In the present paper I will address the issue of national stereotypes by examining fixed expressions which are products of the three cultures of interest here, i.e. Anglo-Saxon, German, and Polish. My hypothesis is that fixed expressions reflect the stereotypical features associated with a particular language and culture, e.g. the Anglo-Saxon distance and tentativeness, the German directness and some degree of rough humor, and the Polish directness verging on pushiness and even vulgarity. The theoretical framework employed in my analysis will be a modified version of the model of impoliteness due to Culpeper et al. (1993). My hypothesis will be tested against data coming from a multitude of sources: spoken language corpora, my own data collected in real life situations, and dictionaries.
It turns out from my analysis that, like spontaneous conversations, also fixed expressions reflect national stereotypes in that Anglo-Saxon data exhibit the highest degree of tentativeness and indirectness perceived as polite among native speakers of English and somewhat overdone (artificially polite) by speakers of German and Polish. This confirms the stereotype of the English "stiff upper lip". On the other hand, the speakers of German are perceived as much more direct, thus less polite by the speakers of English, but still acceptable to the speakers of Polish, whose fixed expressions might be even more explicit. To take one example, in English you elegantly bore someone to tears , in German it is a bit more explicit since something can be sterbenslangweilig (deadboring), which has an exact Polish equivalent ( smiertelnie nudny ). However, in addition, in Polish you can be much more explicitly described as nudny jak flaki z olejem (boring like guts/tripe with oil), i.e. hard to handle and/or indigestible.
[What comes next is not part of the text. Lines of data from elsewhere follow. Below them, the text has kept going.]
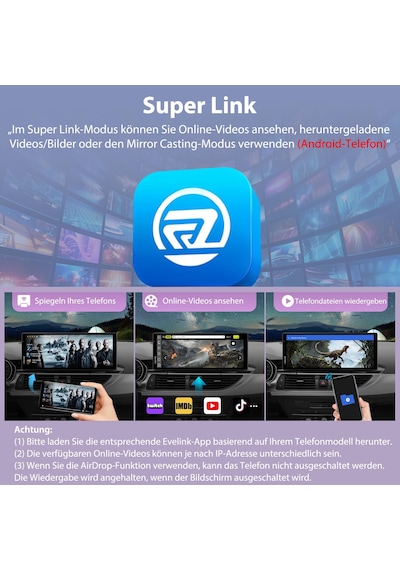 Carpurıde Kablosuz Carplay Ve Araç Kameralı Android Auto - 10,26" Hd Ips Araç Dokunmatik Ekranı, 4k Ön Ve 1080p Arka Kamera, Döngü Kayıt, Bluetooth Ses, Ayna Bağlantısı, Gps, Siri Carpurıde Kablosuz Carplay Ve Araç Kameralı Android Auto - 10,26" Hd Ips Araç Dokunmatik Ekranı, 4k Ön Ve 1080p Arka Kamera, Döngü Kayıt, Bluetooth Ses, Ayna Bağlantısı, Gps, Siri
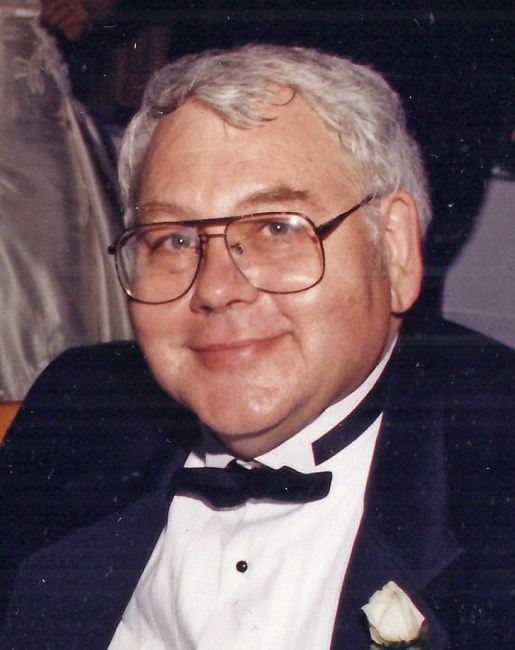 Obituary of John Schultz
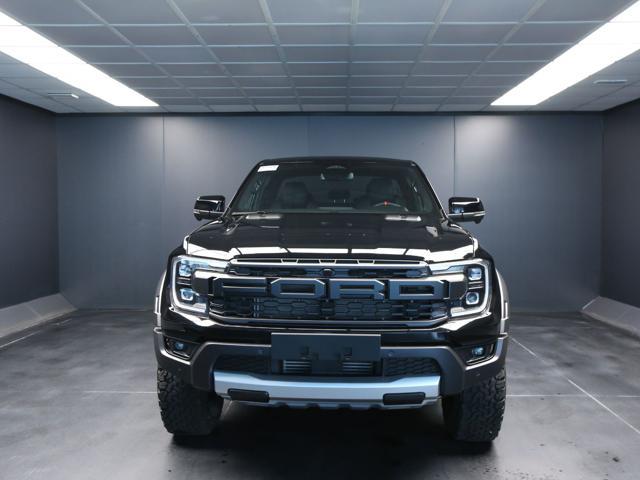 FORD Ranger Raptor 2.0 EcoBlue 210CV DC Aut. Raptor 5 posti
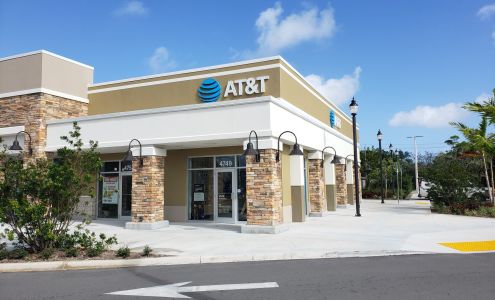 AT&T Store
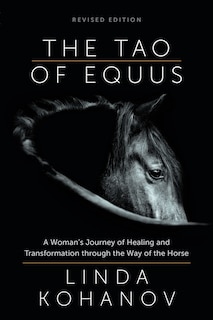 Couverture_The Tao of Equus (revised)
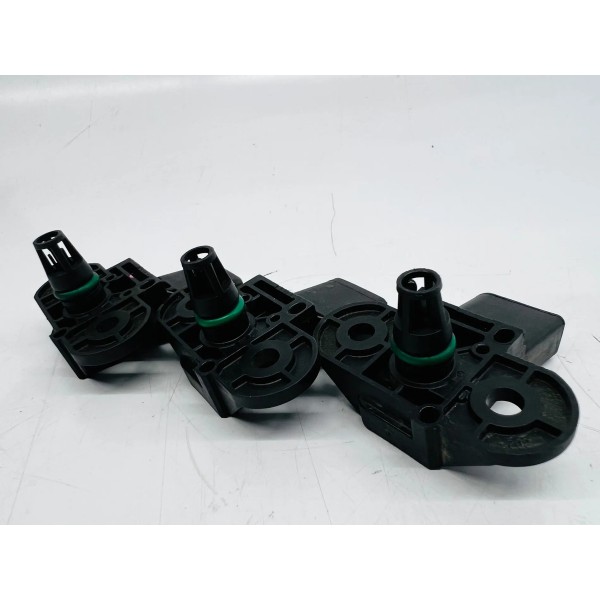 Kit 3 Sensor Map Volkswagen Saveiro 1999 A 2011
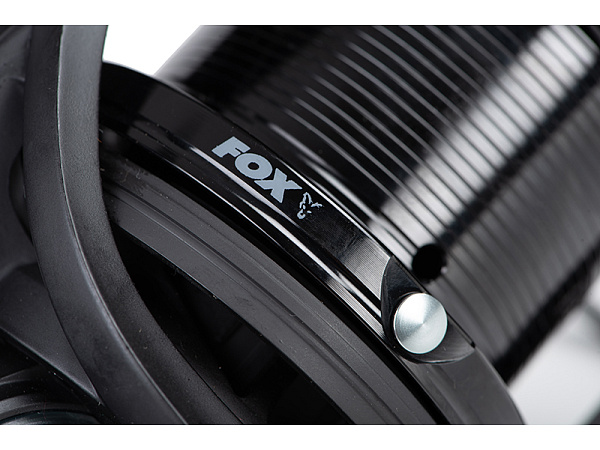 Fox Naviják EOS FD 14K Reel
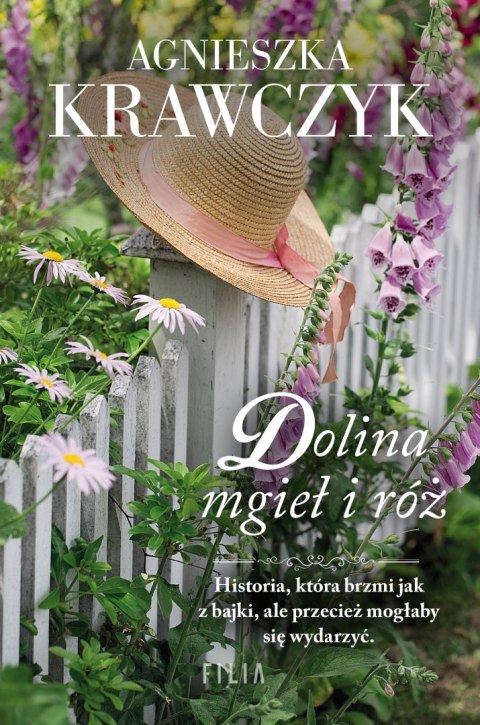 Dolina mgieł i róż Dolina mgieł i róż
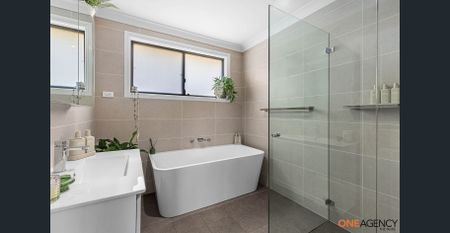 MODERN TOWNHOUSE - Photo 5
Consequently, it follows from my data that fixed expressions are a valuable source of information concerning national stereotypes, probably comparable to spontaneous interaction.
References
Culpeper, Jonathan, Derek Bousfield, Anne Wichmann. 2003. "Impoliteness revisited: with special reference to dynamic and prosodic aspects". Journal of Pragmatics 35: 1545-1579.
Wierzbicka, Anna. 1991. Cross-cultural pragmatics. Berlin: Mouton de Gruyter.